There is a conventionality about the possible love relationships characters in Flash Gordon were allowed to have that betray strict racial codes and rules supported in the society that read these comic strips. Yet, allies and friends about and soon the mad Doctor Zarkov would become a precious ally of Flash Gordon.
Flash Gordon was designed to compete against Buck Rogers by taking over the science fiction aspect of that other strip but ended up creating the kind of mystical world infused with technology and science that seems so normal when watching something like He-Man and the Masters of the Universe.
Flash Gordon was an Aryan prototype before such models were questioned during the postwar period following the decolonization of Asian and Africa. This strip offered the average American who read it the last glance and attempt at dreaming of a world empire ruled by smart white people before the rebellion of colonized people.
Yet, the colonialism apparent in these strips showed that various oppressed people were quite happy to rebel against Ming and his armada. Perhaps Flash Gordon was a precursor of the American will to contain the Japanese empire that was spreading in Asia and threatening America in the long run. Ming, however, was clearly a Chinese man influenced by such characters as the oriental and evil Fu Manchu figure that has existed for so long in American popular culture.
The other aspect of Flash Gordon which is of interest to historians is the treatment of women. Here, they are ostensibly objects to be paired with a heroic or an evil man. Princess Aura, the most feminist and independent of all, was still often nothing but a damsel in distress, though she caused many of her dire predicaments through her own guile. Dale Arden is the love struck Earth woman who is the only one worthy to be paired with Flash Gordon. However, she is an object meant to be rescued constantly and although with a mind of her own, she was less than a sidekick, like Doctor Zarkov. She was beautiful and desired by every men and ruler. But at the first instance, she would jump to Flash Gordon's feet or his embrace.

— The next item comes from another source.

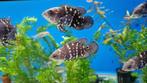 bumble bee oscar (astronotus crassipinnis), Dieren en Toebehoren, Vissen | Aquariumvissen, Vis, Zoetwatervis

My criticism is not meant to trash Flash Gordon at all. I appreciated the revisiting of so many stories but realize that in 2013, they remain product of another era although their entertainment value has not declined.
The actual original material used for the reprint in this volume is not as optimal as could be wished. The strips are not well-preserved. Volume Two of this series seem to have better reproductions.
Alex Raymond seemed capable only of drawing exotic creatures that had reptilian and serpentine features. It's interesting because it sheds a lot of understanding about what he would have considered alien. His design of men and women from various worlds felt like they were plucked from Antiquity instead of any other period. That is when Flash Gordon did not sport mesh armour that looked like it came from the Middle Ages.
The design of the figures was simple as Raymond was more interested in presenting well-designed anatomies rather than imagining storytelling that obfuscated realism. His storytelling was still clear and strong enough that readers will not need to read every captions to understand the action happening. Illustrators such as Alex Ross cannot pretend the same.
If you are interested in sequential art history, I suggest you pay attention to this collection and start collecting these huge books from Titan Books. Volume One, at just above 200 pages printed on sturdy and great paper collects three years and a half of comic strips, ending on April 18, 1937.